Rein rechnerisch ergäbe sich nach Angaben des Instituts ein Bedarf an bis zu 185.000 neuen Arbeitskräften in der Privatwirtschaft, sollten die zuletzt 1,8 Millionen jährlich gegen Bezahlung geleisteten Überstunden per Gesetz eingedämmt werden. „Machbar“ sei dabei die Streichung von maximal 40 Prozent der geleisteten Mehrarbeit, um Neueinstellungen zu fördern.

Das Rechenspiel stößt sich nach Angaben der Wirtschaftsforscher jedoch an Praxis und Struktur des Arbeitsmarktes: Das Gros der bezahlten Mehrarbeit falle in höher qualifizierten Bereichen an, für die nur schwer Ersatz auf dem Arbeitsmarkt beschafft werden könne. Viele Erwerbslose seien unterqualifiziert oder gesundheitlich beeinträchtigt und könnten die potenziell entstehenden Lücken somit kaum schließen.

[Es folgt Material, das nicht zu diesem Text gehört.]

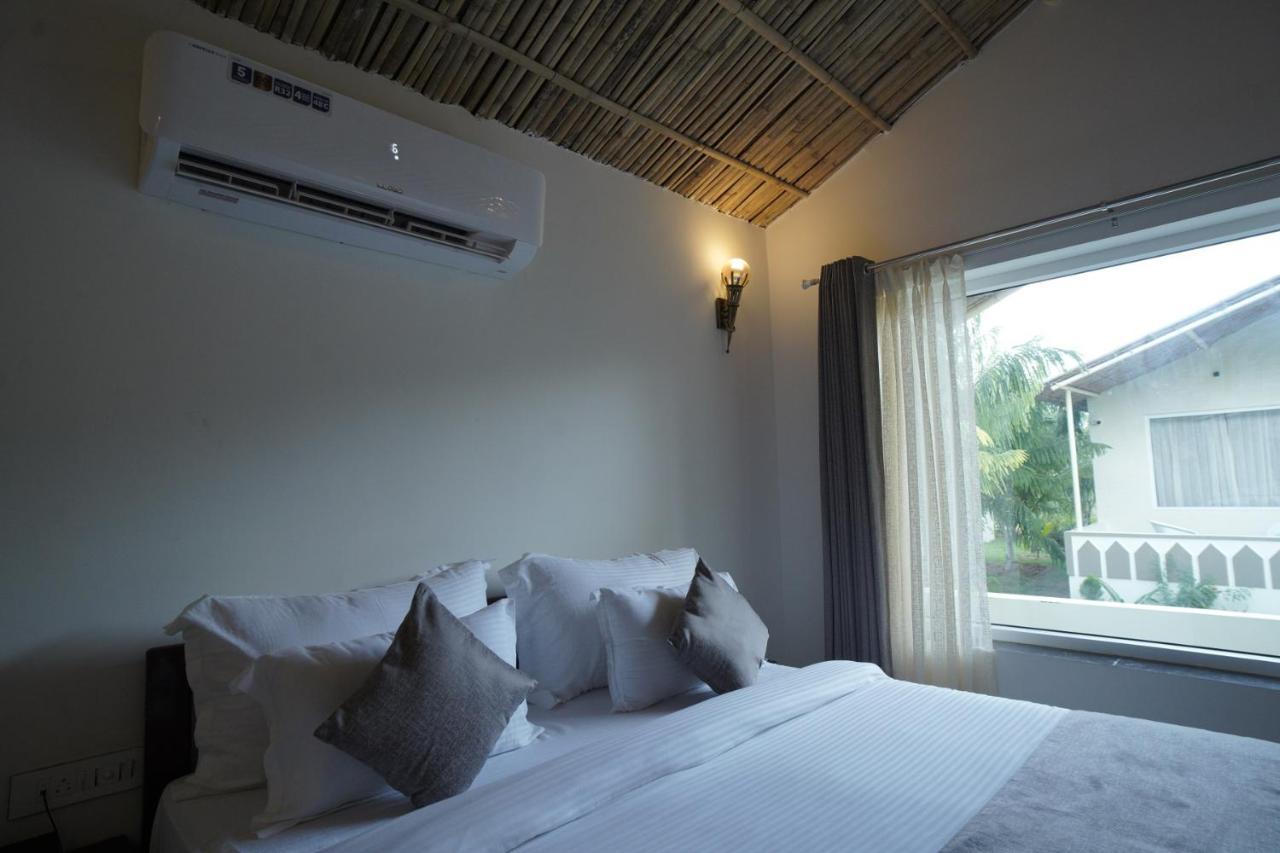 Amar Bagh Resort Пушкар Экстерьер фото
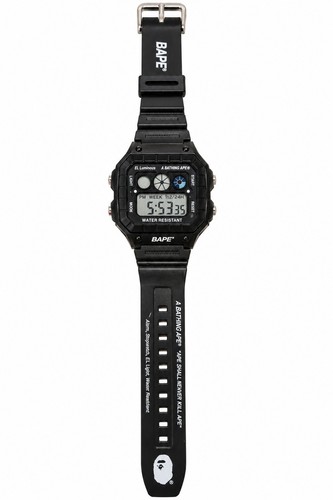 Bathing ape bape digital - bape,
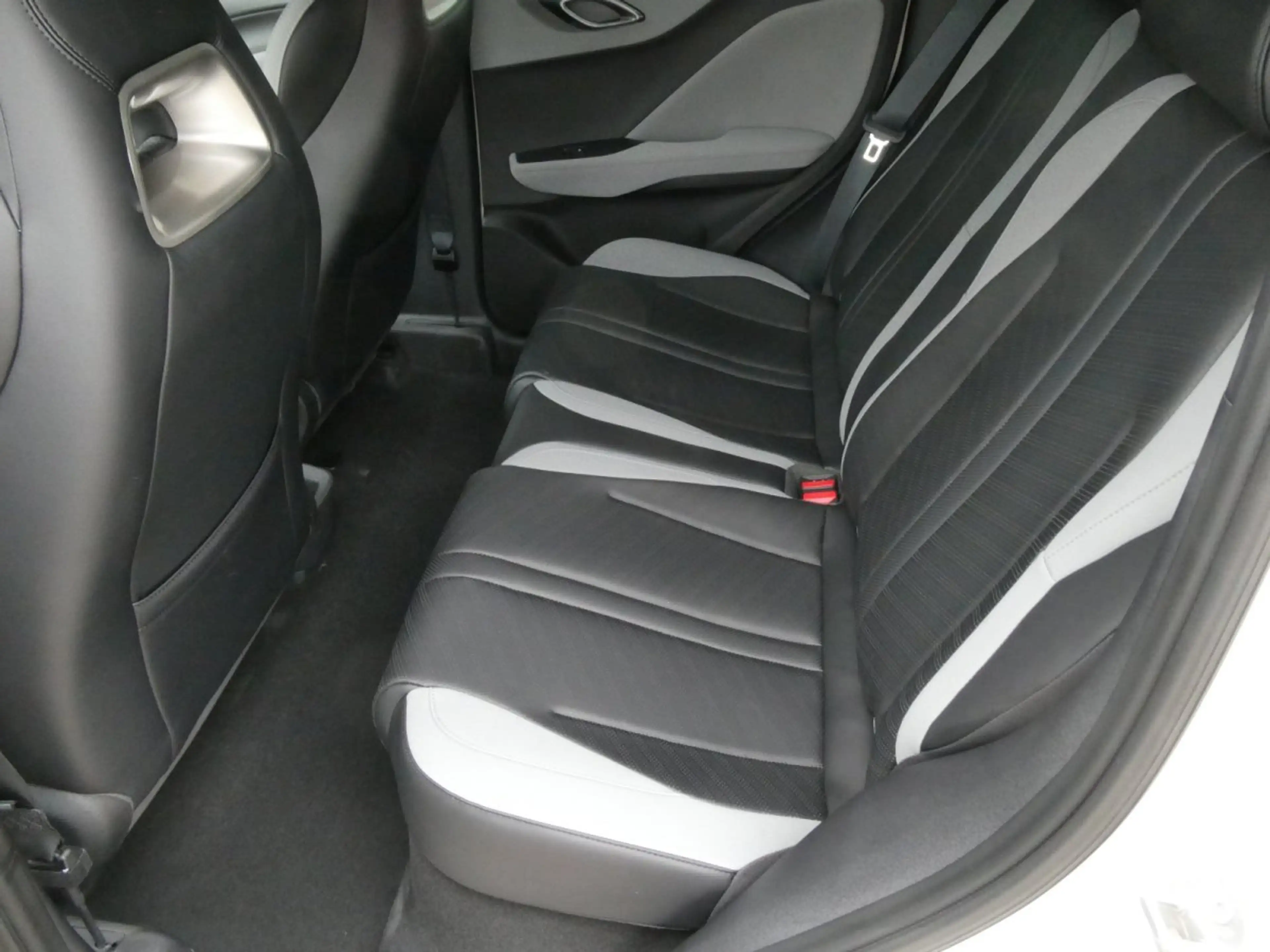 BYD Dolphin Surf Comfort 43kWh *Leder*LED*360-Grad*SHZ* — photo 10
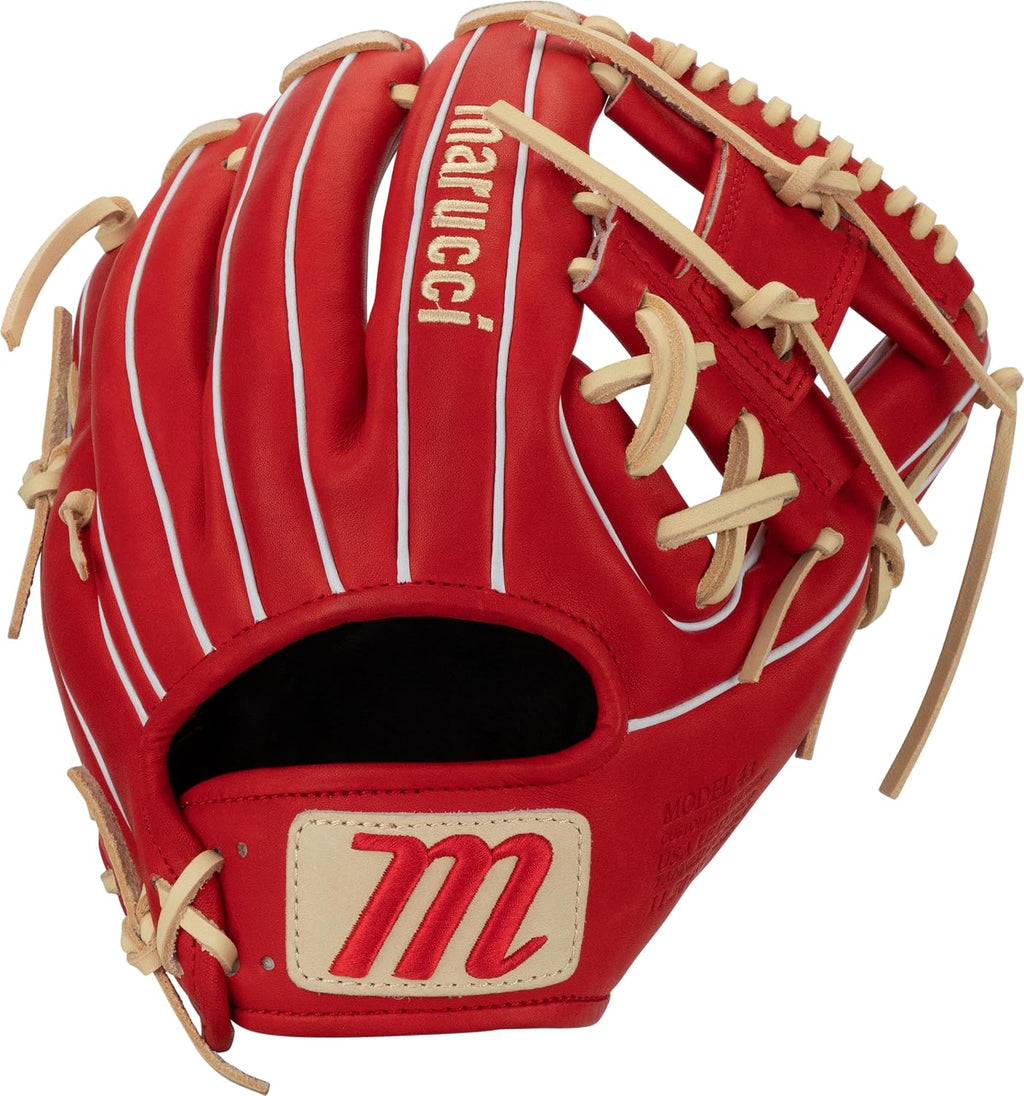 MARUCCI Cypress Series Baseball Glove Series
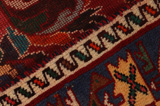 Bakhtiari - Qashqai Персийски връзван килим 308x200 - Снимка 6
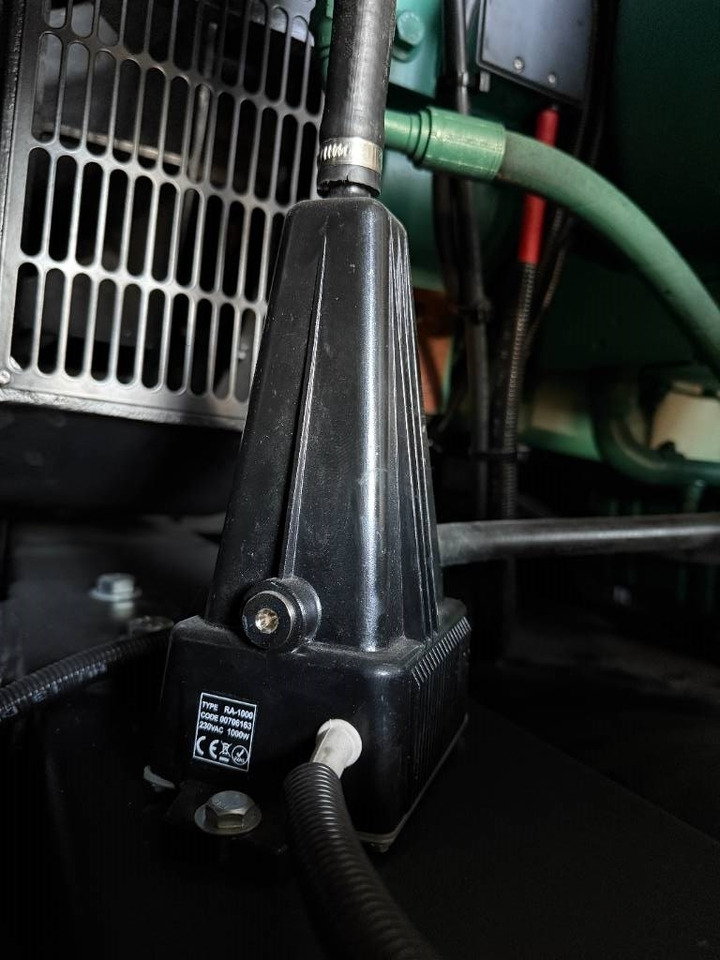 Generador industriale nuevo Volvo TWD1683GE - 740 kVA Stage V Generator - DPX-19040: foto 13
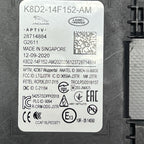 K8D2-14F152-AM LAND ROVER DISCOVERY SPORT DISTANCE RADAR MODULE 2021 2022 2023 K8D2-14F152-AM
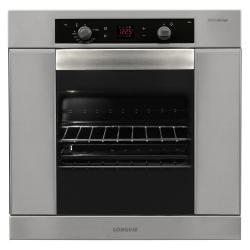 Horno Empotrable a Gas Longvie 60 cm H6900X i450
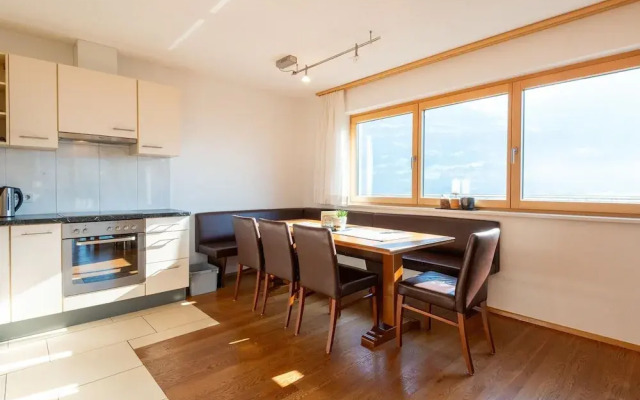 Apartment With Fantastic View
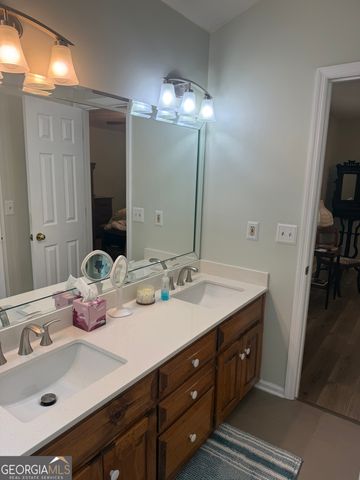124 Greenbriar Trail, Lagrange, GA 30241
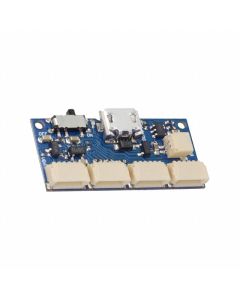 TINYCIRCUITS ASM2028 - Procesor WirelingZero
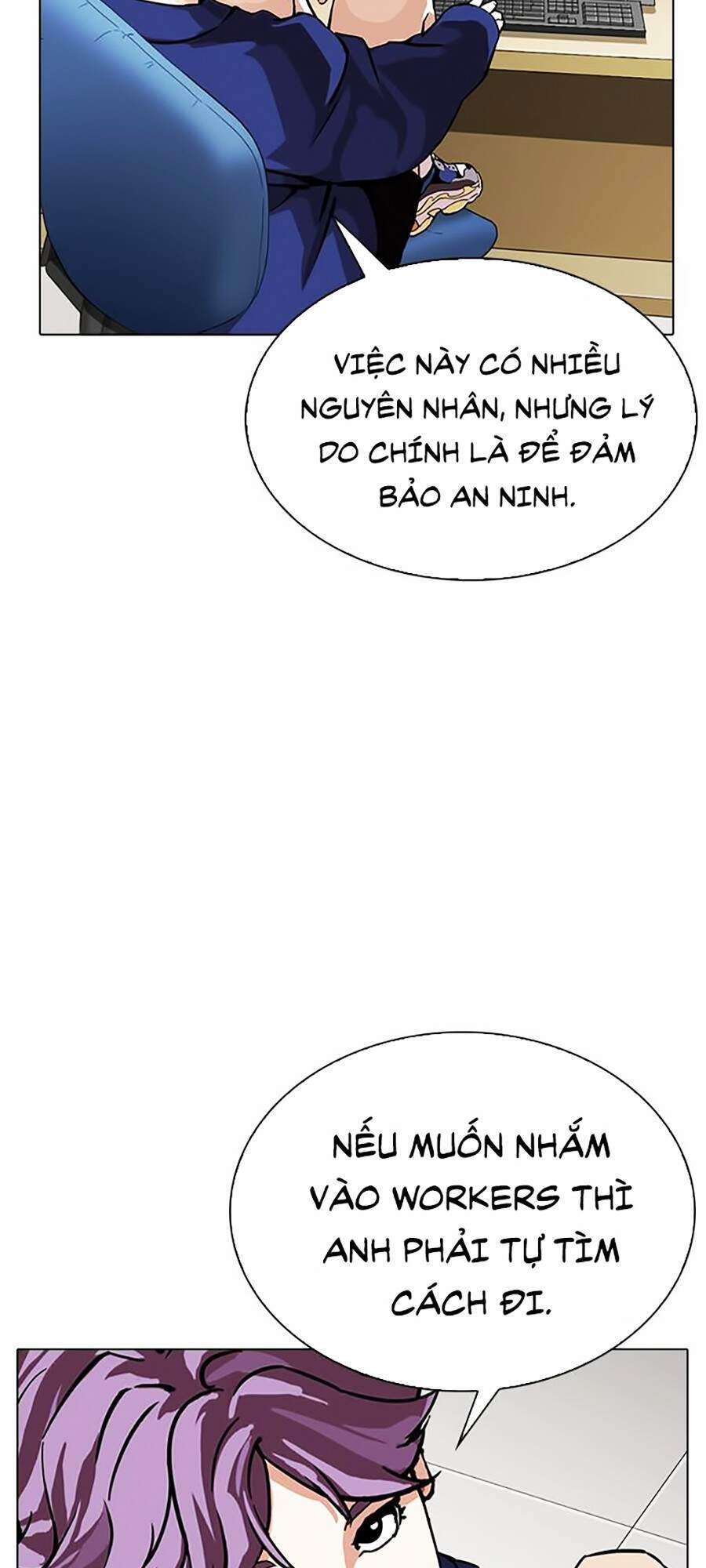 Hoán Đổi Diệu Kỳ Chapter 292 - Trang 38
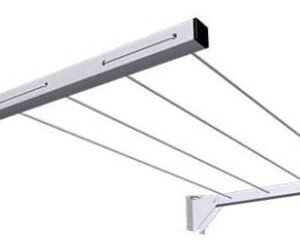 VARAL BASCULANTE FIXO
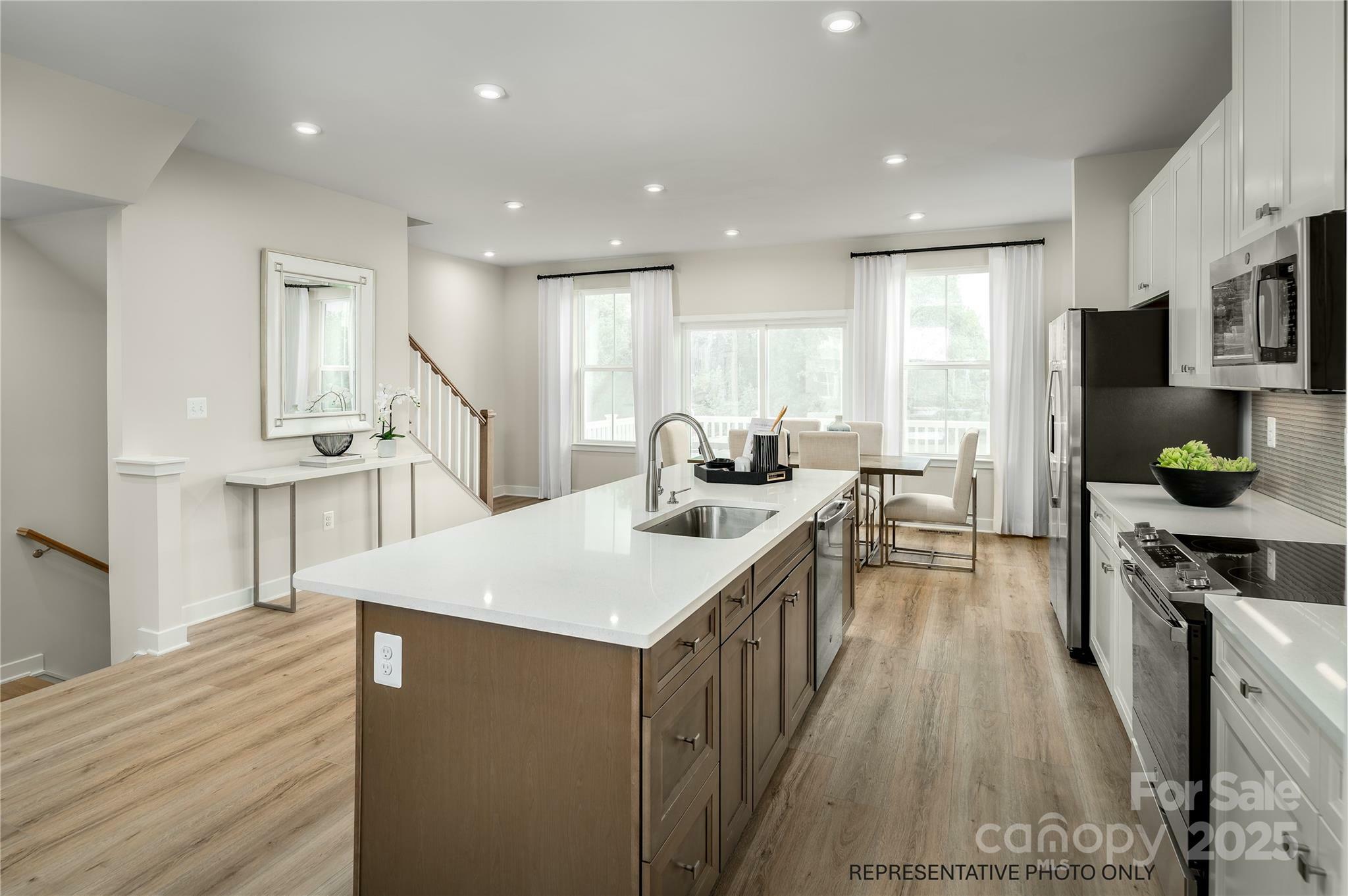 Property Photo: 5036 Grain Orchard Road 3024A NC 28079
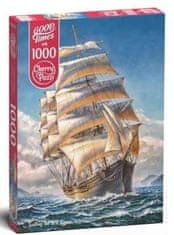 Cherry Pazzi Puzzle - Jadrnica 1000 kosov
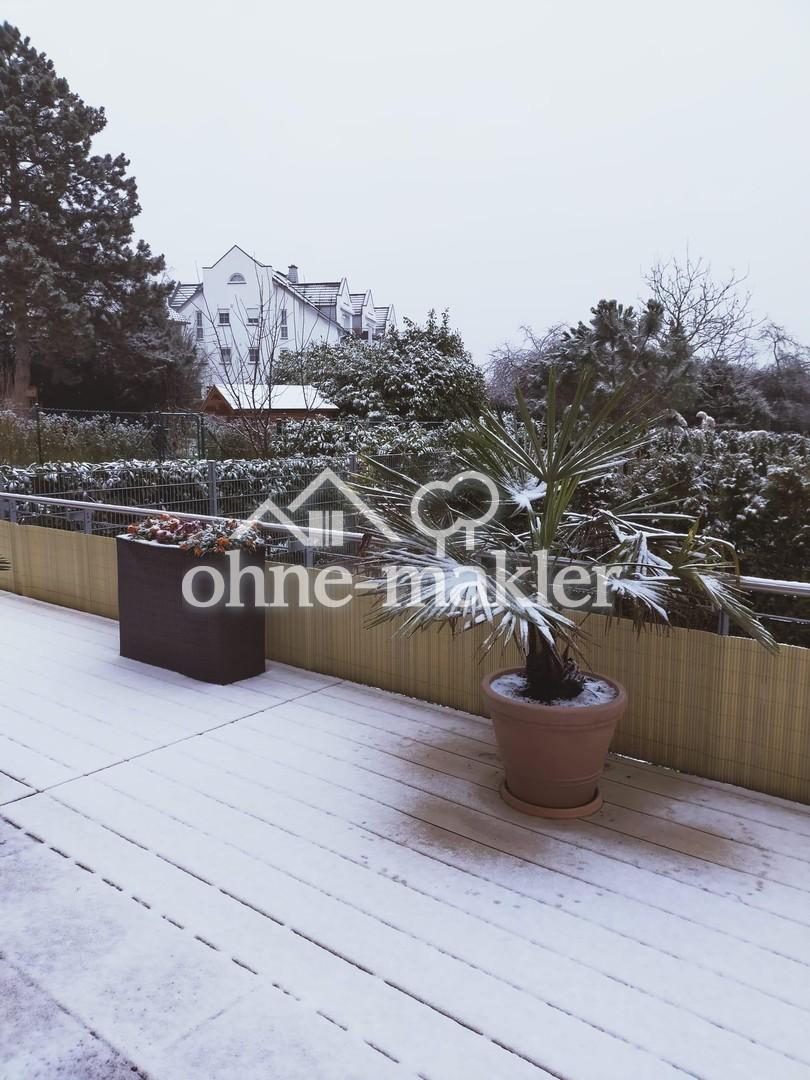 Helle 3-Zimmer Wohnung mit großzügiger Terrasse in Wiesbaden-Dotzheim - Foto 3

Neueinstellungen wären laut DIW fast ausschließlich in gering qualifizierten Bereichen zu erwarten und dies auch nur in minimalem Umfang. Vor allem in Westdeutschland müssten Facharbeiter und qualifizierte Angestellte indessen mit „nennenswerten“ finanziellen Einbußen rechnen, würden ihnen die bezahlten Überstunden gestrichen.

Als Hauptgrund für ihre pessimistische Einschätzung nannten die Wirtschaftsforscher den Trend zu unbezahlter Mehrarbeit in Deutschland: Vielfach werde Mehrarbeit per Freizeitausgleich abgegolten oder mit Hilfe von Arbeitszeitkonten aufgefangen, was den Spielraum für potenzielle Beschäftigungseffekte einenge. Auch sei verstärkt zu beobachten, dass Überstunden gar nicht erst erfasst, sondern ab einer gewissen Gehaltsstufe automatisch und ohne gesonderte Abrechnung erwartet würden.